C’est avec beaucoup d’envie que je vois aller de loin mes collègues étudiants manifester pendant que je suis en échange à l’étranger. Je n’ai jamais été en faveur des grèves et je ne suis pas une militante aguerrie pour la gratuité scolaire. Je trouve que bien souvent, les revendications des grévistes, bien que justifiées, sont utopistes, que les manifestant sont cutes et peu organisés – que leurs mobilisations sont insuffisantes et manquent d’impact.

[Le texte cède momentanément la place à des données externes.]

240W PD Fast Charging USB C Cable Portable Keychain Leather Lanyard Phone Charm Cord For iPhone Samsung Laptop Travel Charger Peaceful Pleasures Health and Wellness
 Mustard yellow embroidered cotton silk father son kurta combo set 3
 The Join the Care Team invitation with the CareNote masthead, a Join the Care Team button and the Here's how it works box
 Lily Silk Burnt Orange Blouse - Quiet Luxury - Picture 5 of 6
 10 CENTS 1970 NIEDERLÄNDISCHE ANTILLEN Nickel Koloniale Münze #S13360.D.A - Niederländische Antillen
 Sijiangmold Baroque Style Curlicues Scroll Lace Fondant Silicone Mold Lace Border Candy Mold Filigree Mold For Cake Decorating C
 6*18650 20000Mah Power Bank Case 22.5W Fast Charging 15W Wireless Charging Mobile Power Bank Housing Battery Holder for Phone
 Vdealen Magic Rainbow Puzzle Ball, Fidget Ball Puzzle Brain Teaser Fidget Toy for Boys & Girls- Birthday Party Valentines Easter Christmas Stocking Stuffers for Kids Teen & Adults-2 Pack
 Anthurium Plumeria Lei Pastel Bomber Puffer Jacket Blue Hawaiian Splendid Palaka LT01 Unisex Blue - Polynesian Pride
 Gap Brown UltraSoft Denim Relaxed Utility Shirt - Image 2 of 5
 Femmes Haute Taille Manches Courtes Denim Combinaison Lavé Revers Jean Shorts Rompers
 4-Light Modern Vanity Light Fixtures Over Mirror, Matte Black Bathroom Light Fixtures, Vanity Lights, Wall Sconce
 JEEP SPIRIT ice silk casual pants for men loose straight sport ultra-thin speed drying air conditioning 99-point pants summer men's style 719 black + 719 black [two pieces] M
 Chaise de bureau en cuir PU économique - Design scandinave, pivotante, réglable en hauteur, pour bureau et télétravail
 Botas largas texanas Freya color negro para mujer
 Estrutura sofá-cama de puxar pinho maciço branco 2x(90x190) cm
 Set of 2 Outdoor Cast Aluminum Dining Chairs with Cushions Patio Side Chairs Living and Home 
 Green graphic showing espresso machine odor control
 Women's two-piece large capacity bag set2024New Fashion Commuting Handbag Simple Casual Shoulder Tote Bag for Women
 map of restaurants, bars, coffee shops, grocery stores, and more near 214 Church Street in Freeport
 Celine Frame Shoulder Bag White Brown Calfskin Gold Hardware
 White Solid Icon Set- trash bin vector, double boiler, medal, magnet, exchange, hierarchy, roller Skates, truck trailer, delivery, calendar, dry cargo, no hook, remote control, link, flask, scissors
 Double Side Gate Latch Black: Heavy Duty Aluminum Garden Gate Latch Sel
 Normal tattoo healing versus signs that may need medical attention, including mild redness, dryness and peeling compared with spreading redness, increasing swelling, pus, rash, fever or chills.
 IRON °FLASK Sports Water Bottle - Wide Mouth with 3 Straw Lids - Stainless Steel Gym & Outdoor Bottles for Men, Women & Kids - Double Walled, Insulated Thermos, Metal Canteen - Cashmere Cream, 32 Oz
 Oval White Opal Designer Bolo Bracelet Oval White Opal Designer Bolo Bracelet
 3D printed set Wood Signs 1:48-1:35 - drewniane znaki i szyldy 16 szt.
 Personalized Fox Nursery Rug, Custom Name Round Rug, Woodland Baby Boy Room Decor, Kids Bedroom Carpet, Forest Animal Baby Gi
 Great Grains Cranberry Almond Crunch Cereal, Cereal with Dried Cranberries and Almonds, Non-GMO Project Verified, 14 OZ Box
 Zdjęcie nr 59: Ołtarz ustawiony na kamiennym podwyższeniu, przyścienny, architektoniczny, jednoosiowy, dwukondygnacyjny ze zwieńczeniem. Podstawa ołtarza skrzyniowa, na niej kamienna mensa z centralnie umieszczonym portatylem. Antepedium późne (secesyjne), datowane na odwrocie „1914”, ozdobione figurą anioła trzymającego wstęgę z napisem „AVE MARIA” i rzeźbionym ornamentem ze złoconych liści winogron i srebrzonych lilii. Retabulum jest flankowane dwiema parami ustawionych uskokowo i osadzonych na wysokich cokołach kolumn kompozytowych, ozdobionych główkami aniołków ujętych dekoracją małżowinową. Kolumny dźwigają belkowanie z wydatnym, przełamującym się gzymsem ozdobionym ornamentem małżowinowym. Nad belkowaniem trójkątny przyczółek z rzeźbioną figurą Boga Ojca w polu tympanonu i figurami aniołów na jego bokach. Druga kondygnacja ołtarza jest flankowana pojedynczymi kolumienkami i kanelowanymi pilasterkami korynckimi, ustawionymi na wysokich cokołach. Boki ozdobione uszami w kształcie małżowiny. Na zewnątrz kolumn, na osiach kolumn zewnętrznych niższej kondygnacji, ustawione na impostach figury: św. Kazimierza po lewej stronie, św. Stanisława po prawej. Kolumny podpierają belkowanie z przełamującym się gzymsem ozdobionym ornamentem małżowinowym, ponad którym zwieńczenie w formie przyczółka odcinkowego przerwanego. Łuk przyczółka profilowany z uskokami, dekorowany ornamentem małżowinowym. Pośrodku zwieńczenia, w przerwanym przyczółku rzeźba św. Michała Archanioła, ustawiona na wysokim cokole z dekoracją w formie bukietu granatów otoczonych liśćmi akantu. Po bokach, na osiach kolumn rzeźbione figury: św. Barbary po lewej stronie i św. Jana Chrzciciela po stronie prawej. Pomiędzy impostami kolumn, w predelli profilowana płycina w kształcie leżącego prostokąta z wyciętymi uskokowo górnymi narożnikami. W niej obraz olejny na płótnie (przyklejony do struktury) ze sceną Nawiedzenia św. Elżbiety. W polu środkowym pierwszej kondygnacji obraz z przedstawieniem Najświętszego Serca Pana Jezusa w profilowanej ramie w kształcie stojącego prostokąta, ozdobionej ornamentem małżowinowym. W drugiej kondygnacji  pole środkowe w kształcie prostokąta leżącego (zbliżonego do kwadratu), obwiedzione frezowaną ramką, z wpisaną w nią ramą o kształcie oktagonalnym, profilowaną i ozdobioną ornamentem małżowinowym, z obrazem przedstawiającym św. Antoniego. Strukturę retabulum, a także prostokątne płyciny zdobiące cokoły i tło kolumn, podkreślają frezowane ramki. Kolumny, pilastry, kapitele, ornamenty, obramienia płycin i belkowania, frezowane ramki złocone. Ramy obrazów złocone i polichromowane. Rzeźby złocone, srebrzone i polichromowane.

Or, aujourd’hui, je suis triste de ne pouvoir être à leurs côtés. De ne pas pouvoir prendre part à toutes les initiatives innovatrices et brillantes dont je vois les répercussions à travers la presse électronique et les médias sociaux. Je trouve que les arguments et les revendications étudiantes sont justes, et que leurs solutions sont plus que réalisables. Dans les débats télévisés comme dans les initiatives mobilisatrices qui sont prises, mes comparses tiennent un discours crédible et revendiquent des solutions plausibles à leurs revendications. Je suis fière de me considérer, même à distance, comme l’une des leurs.
Je suis en échange en Islande. L’Islande, qui a subit en 2008 un gros crash économique. Le gouvernement a été chassé pour faire place à un tout neuf. La majorité des islandais ont tout perdu dans la crise et le pays est aux prises avec une dette immense – sûrement pire que celle du Québec. Malgré cela, il reste une priorité pour eux de fournir l’éducation universitaire gratuite. Ils choisissent d’opter pour une population éduquée – peut importe leur domaine d’étude. Je ne suis pas en train de dire que je prône aujourd’hui la gratuité scolaire au Québec. Je crois seulement qu’il est injuste et peu pertinent de comparer le Québec avec les autres provinces canadiennes et les Etats-Unis, alors que nous sommes beaucoup plus proche, dans nos choix politiques et sociaux, des pays scandinaves.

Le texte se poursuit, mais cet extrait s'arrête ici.